Unable to decode a pre-processed input with sub-word segmentation

surafelml commented 6 years ago

I have trained a base transformer model using the sub-word segmentation approach of Sennrich et al. (https://github.com/rsennrich/subword-nmt). This requires me to set the subword_tokenizer in the new problem definition of t2t.

 @property
  def use_subword_tokenizer(self):
    return False

However, after a successful training I am facing (traceback while decoding batch 0)

INFO:tensorflow: batch 47
INFO:tensorflow:Decoding batch 0
Traceback (most recent call last):
  File "/home/anaconda3/bin/t2t-decoder", line 4, in <module>
    __import__('pkg_resources').run_script('tensor2tensor==1.4.2', 't2t-decoder')
.
.
.
  File "/home/anaconda3/lib/python3.6/site-packages/tensor2tensor-1.4.2-py3.6.egg/tensor2tensor/data_generators/text_encoder.py", line 257, in encode
    ret = [self._token_to_id[tok] for tok in tokens]
  File "/home/anaconda3/lib/python3.6/site-packages/tensor2tensor-1.4.2-py3.6.egg/tensor2tensor/data_generators/text_encoder.py", line 257, in <listcomp>
    ret = [self._token_to_id[tok] for tok in tokens]
KeyError: 'F@@'

Many Thanks!

martinpopel commented 6 years ago

Try text_encoder.TokenTextEncoder(vocab_filename, replace_oov="UNK") (and I think the UNK token must be explicitly included in the vocabulary). Note that several people reported worse BLEU when using external BPE compared with the subwords implemented in T2T (of course, using the same vocab size in both experiments).

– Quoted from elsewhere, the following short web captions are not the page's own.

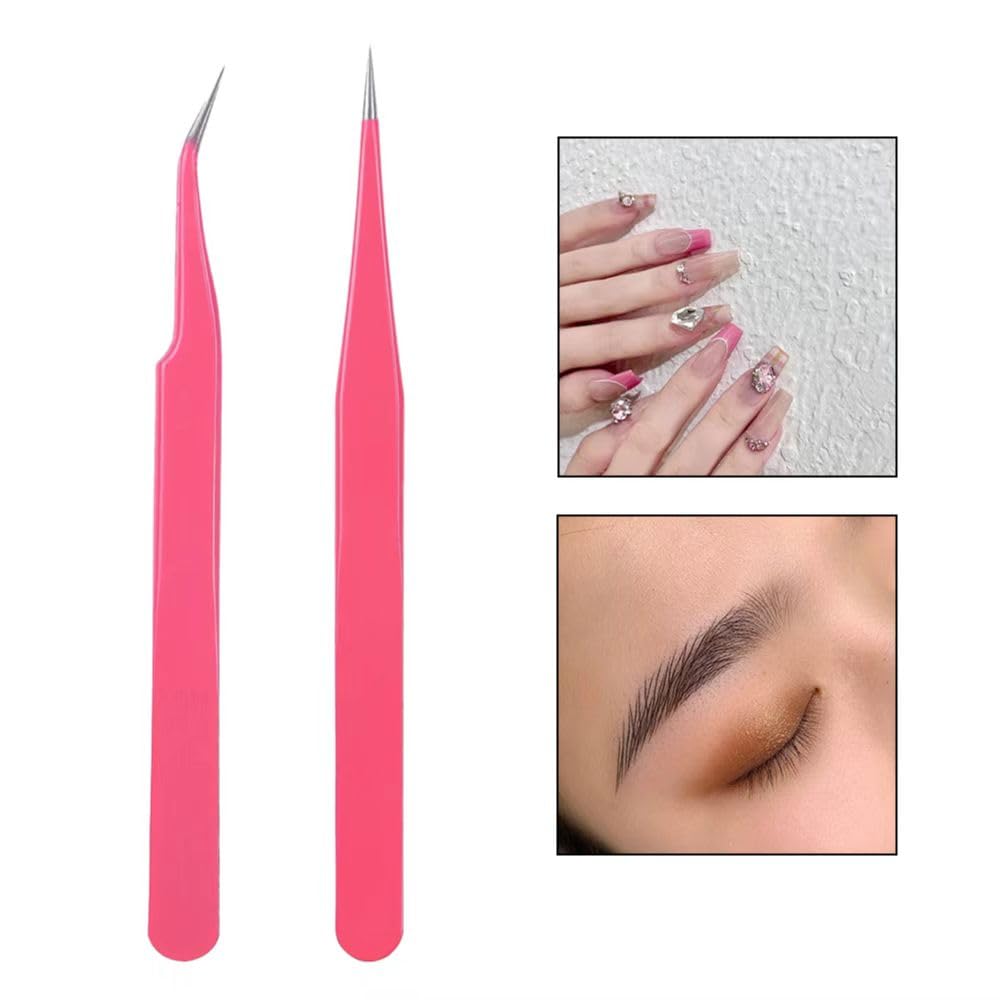 Pinzetta, 2 Pinzetta Extension Ciglia e 1 Pennello Ciglia, Kit Pinzetta per Ciglia, Pinzette Diritto e Curvo Tip Pinzette, Professionale Pinzette in Acciaio Inox, per Estensioni Ciglia, DIY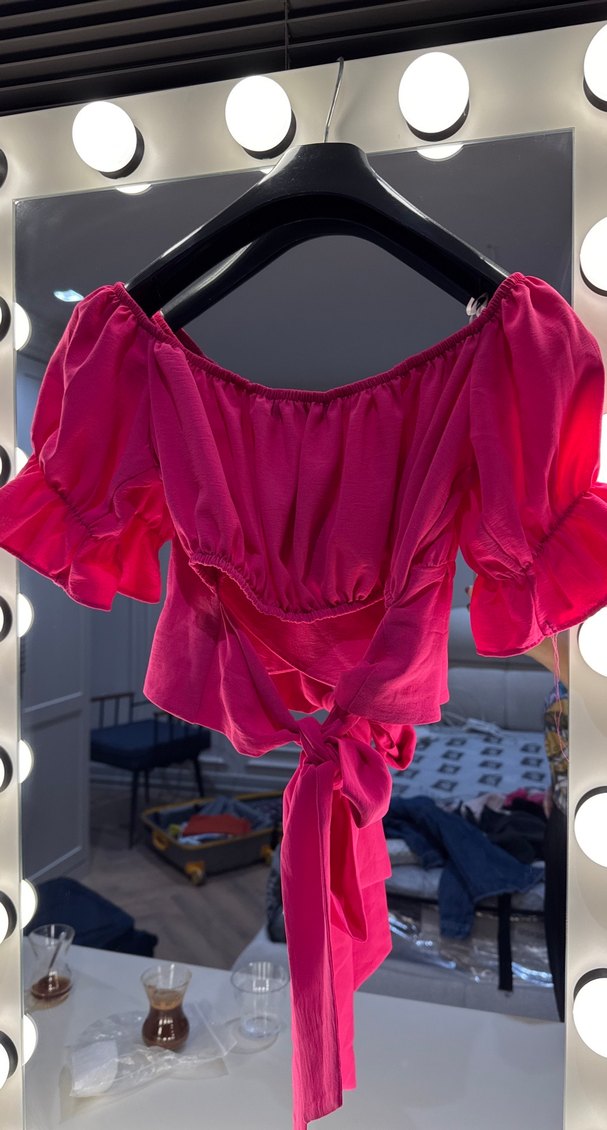 Pembe Mini Fırfırlı Straplez Bluz - Görsel 5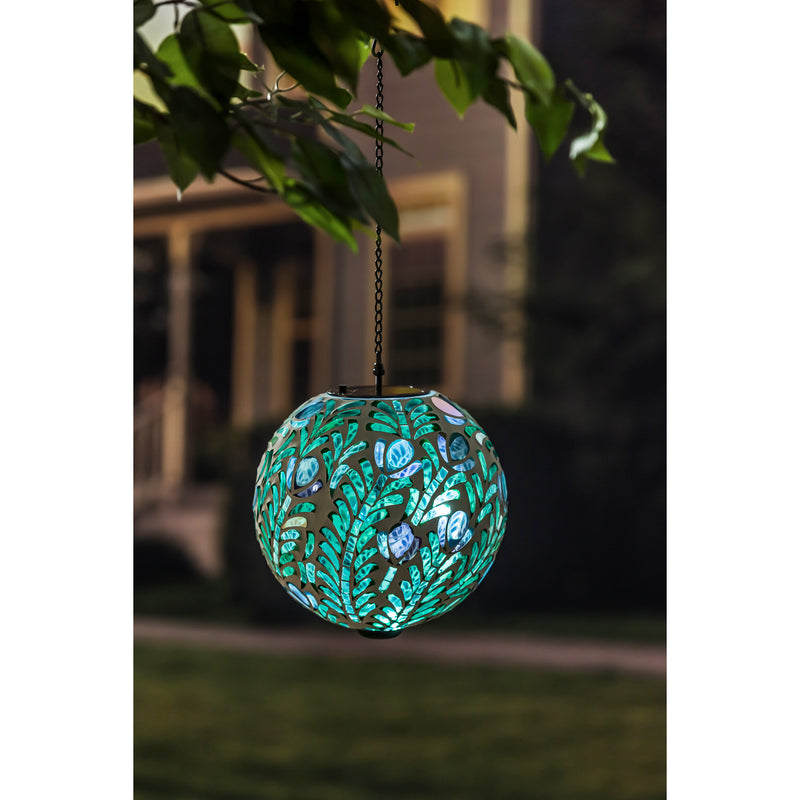 8" Solar Hanging Mosaic Gazing Ball, Peacock,2sp7201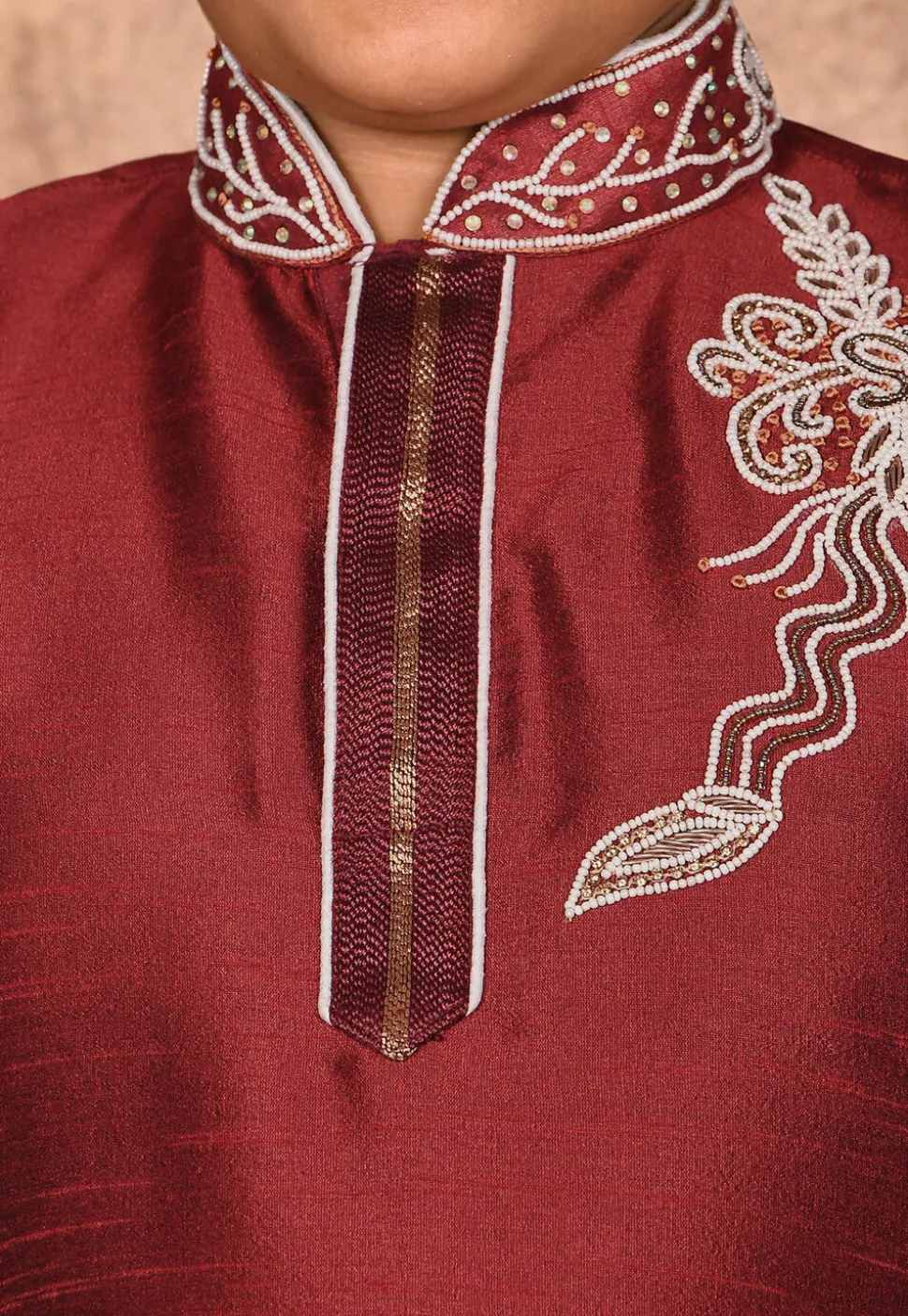 Hand Embroidered Dupion Silk Kurta in Maroon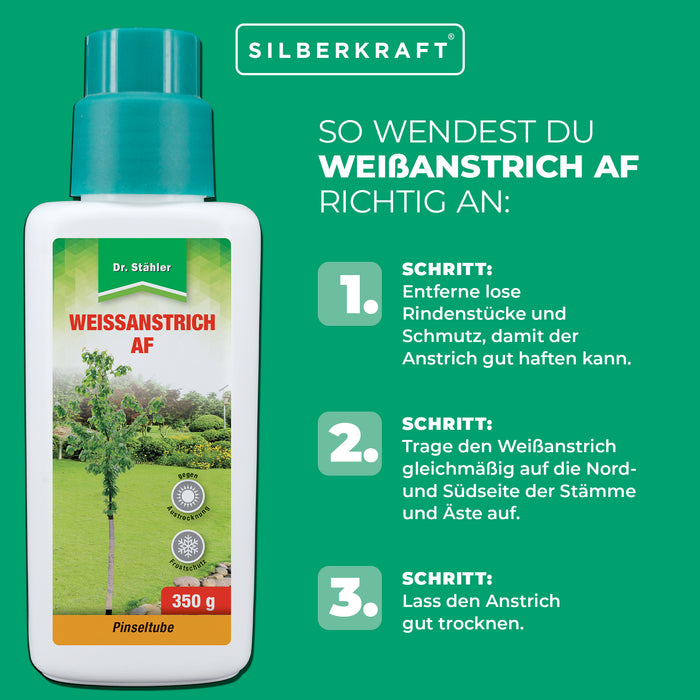 Vernice bianca AF: protezione efficace contro i danni dovuti al gelo e al calore per alberi e cespugli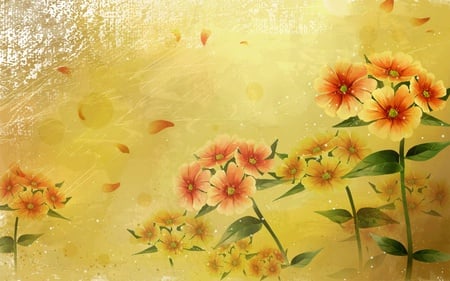 art flowers  - yellow, beautiful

mehmedes commented 6 years ago

Also make sure to preprocess the content to be translated in the same way as you have preprocessed your training data, i.e. use the same tokenizer and apply the same bpe model (#219 , #84 , #10 , #49 )

surafelml commented 6 years ago

@martinpopel @mehmedes Many Thanks! I will go through this changes and will get back to you in short.

surafelml commented 6 years ago

It works at time of decoding, however, completely wrong translation: Few points

Both the train & dev set are preprocessed in the same way (using a shared bpe model).
The model trained almost for 250k steps, my expectation was at least to get a comparable result to the T2T internal subword segmentation approach.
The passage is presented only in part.